*Task to carry out*.
In full and without deviation, write out the entries that follow.

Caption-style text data
▼▼▼

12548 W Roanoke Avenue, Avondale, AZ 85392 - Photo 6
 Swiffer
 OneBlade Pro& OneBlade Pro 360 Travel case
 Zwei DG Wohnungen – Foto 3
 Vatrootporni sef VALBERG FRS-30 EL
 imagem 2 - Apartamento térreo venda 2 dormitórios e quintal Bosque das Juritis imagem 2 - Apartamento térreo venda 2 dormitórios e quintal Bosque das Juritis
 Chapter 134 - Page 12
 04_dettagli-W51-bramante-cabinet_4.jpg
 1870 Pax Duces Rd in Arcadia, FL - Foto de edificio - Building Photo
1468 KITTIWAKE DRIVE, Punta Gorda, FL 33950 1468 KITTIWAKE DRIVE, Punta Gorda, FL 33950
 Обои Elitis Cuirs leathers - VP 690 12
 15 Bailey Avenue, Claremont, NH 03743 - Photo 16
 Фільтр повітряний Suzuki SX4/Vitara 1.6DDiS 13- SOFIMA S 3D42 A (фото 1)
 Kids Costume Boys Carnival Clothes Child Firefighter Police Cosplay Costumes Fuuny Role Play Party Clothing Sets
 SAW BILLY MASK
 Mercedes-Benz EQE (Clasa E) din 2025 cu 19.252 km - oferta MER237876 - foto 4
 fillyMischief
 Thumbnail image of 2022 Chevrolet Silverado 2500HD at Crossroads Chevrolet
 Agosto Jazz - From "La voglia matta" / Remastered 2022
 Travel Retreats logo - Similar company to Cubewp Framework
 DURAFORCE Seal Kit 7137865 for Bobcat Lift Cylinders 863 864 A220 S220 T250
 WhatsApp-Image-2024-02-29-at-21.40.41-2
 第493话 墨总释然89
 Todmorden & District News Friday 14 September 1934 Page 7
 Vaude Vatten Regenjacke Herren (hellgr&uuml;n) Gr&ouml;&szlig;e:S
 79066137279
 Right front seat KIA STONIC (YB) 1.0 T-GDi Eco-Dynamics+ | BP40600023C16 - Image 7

▲▲▲

*Answer to this task*.
12548 W Roanoke Avenue, Avondale, AZ 85392 - Photo 6
 Swiffer
 OneBlade Pro& OneBlade Pro 360 Travel case
 Zwei DG Wohnungen – Foto 3
 Vatrootporni sef VALBERG FRS-30 EL
 imagem 2 - Apartamento térreo venda 2 dormitórios e quintal Bosque das Juritis imagem 2 - Apartamento térreo venda 2 dormitórios e quintal Bosque das Juritis
 Chapter 134 - Page 12
 04_dettagli-W51-bramante-cabinet_4.jpg
 1870 Pax Duces Rd in Arcadia, FL - Foto de edificio - Building Photo
1468 KITTIWAKE DRIVE, Punta Gorda, FL 33950 1468 KITTIWAKE DRIVE, Punta Gorda, FL 33950
 Обои Elitis Cuirs leathers - VP 690 12
 15 Bailey Avenue, Claremont, NH 03743 - Photo 16
 Фільтр повітряний Suzuki SX4/Vitara 1.6DDiS 13- SOFIMA S 3D42 A (фото 1)
 Kids Costume Boys Carnival Clothes Child Firefighter Police Cosplay Costumes Fuuny Role Play Party Clothing Sets
 SAW BILLY MASK
 Mercedes-Benz EQE (Clasa E) din 2025 cu 19.252 km - oferta MER237876 - foto 4
 fillyMischief
 Thumbnail image of 2022 Chevrolet Silverado 2500HD at Crossroads Chevrolet
 Agosto Jazz - From "La voglia matta" / Remastered 2022
 Travel Retreats logo - Similar company to Cubewp Framework
 DURAFORCE Seal Kit 7137865 for Bobcat Lift Cylinders 863 864 A220 S220 T250
 WhatsApp-Image-2024-02-29-at-21.40.41-2
 第493话 墨总释然89
 Todmorden & District News Friday 14 September 1934 Page 7
 Vaude Vatten Regenjacke Herren (hellgr&uuml;n) Gr&ouml;&szlig;e:S
 79066137279
 Right front seat KIA STONIC (YB) 1.0 T-GDi Eco-Dynamics+ | BP40600023C16 - Image 7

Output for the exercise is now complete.